In any case, I cannot imagine (2) mills would drive the price of firewood up that much. Here, firewood only pays $10 more per cord than pulp going to the paper mills, and biomass only pays $3 a ton.

Power is getting nasty in Maine though. Central Maine Power (which is owned by the parent company that owns 90% of the Eastern Part of the United States) has the LOWEST ranking of any power company in the USA. It is so bad that there is talk of the State of Maine talking them over because they are so shoddy in business like practices. But the new corridor itself only has a 30% approval rating. Now that it is going to referendum, it most likely will be voted down.

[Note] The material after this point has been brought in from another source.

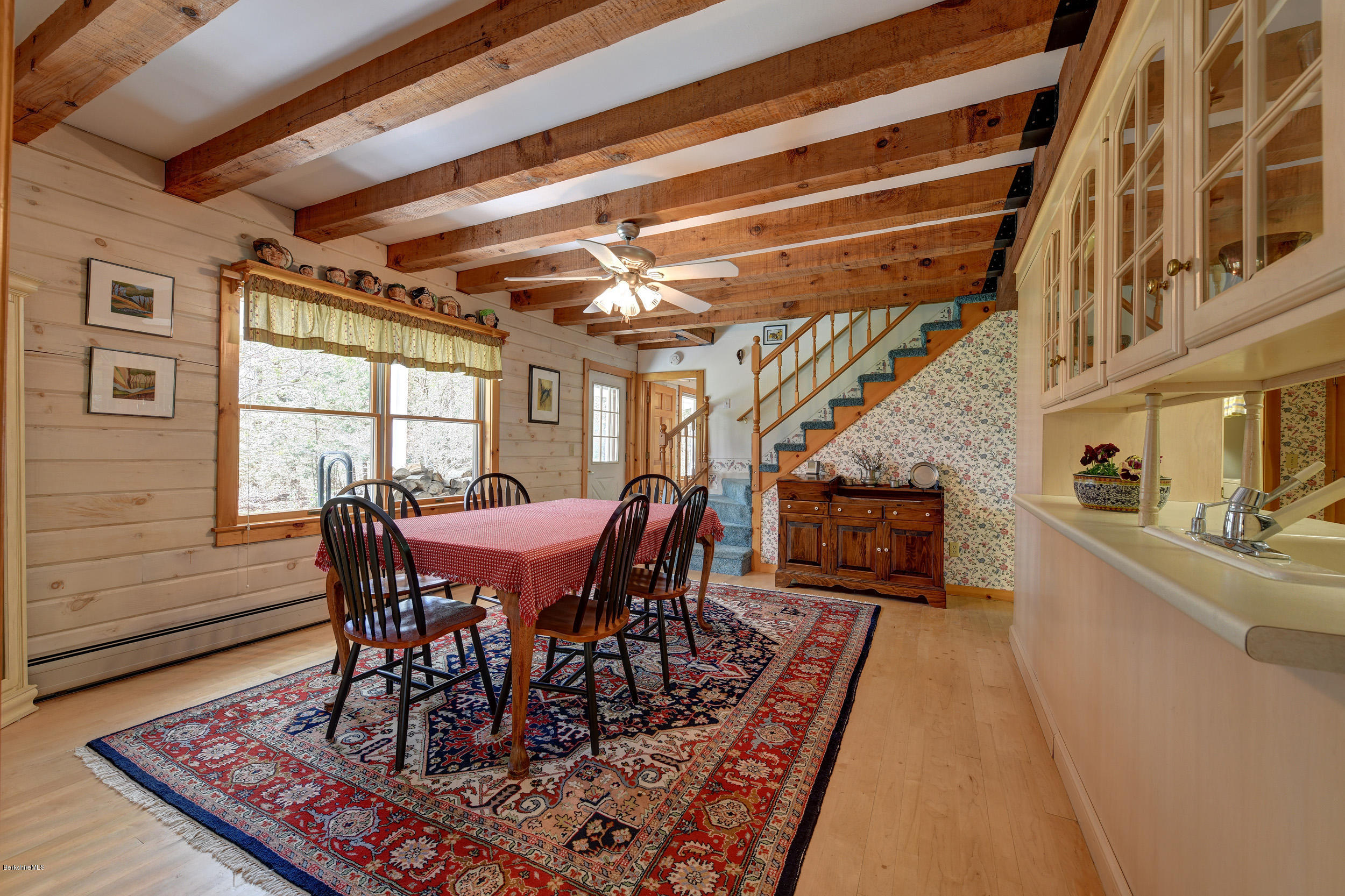251 Captain Whitney Road Becket, MA 01223 - Photo 10 of 37 a view of a dining room with furniture window and wooden floor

They told us 20 years ago to rip out the hydro dams, and now they are saying it is in our best interest to have them...and coming from a foreign country no less! :thumbdown:
 
/ Heating with Pellets #38  
Sawdust is made into pellets via high pressure machinery which squeezes out the moisture, AFAIK, it's not practical or economical to do on a small sale.

You can mix dry corn with pellets in some stoves or even burn corn alone. Back years ago, they sold corn stoves, but the ethanol boondoggle jacked he price up and made it uneconomical unless you grew and processed your own.

The sawmill down the road runs a big co-gen operation. They use high pressure steam to run turbines to power the mill and sell electricity on the grid, and low pressure steam for resin stills, pressboard, lumber kilns and fuel pellets, then use cooling ponds to dispose of the rest. I told them they should set up a greenhouse operation for the waste heat, but the mill is already a mile long from one end to the other. I guess enough is enough.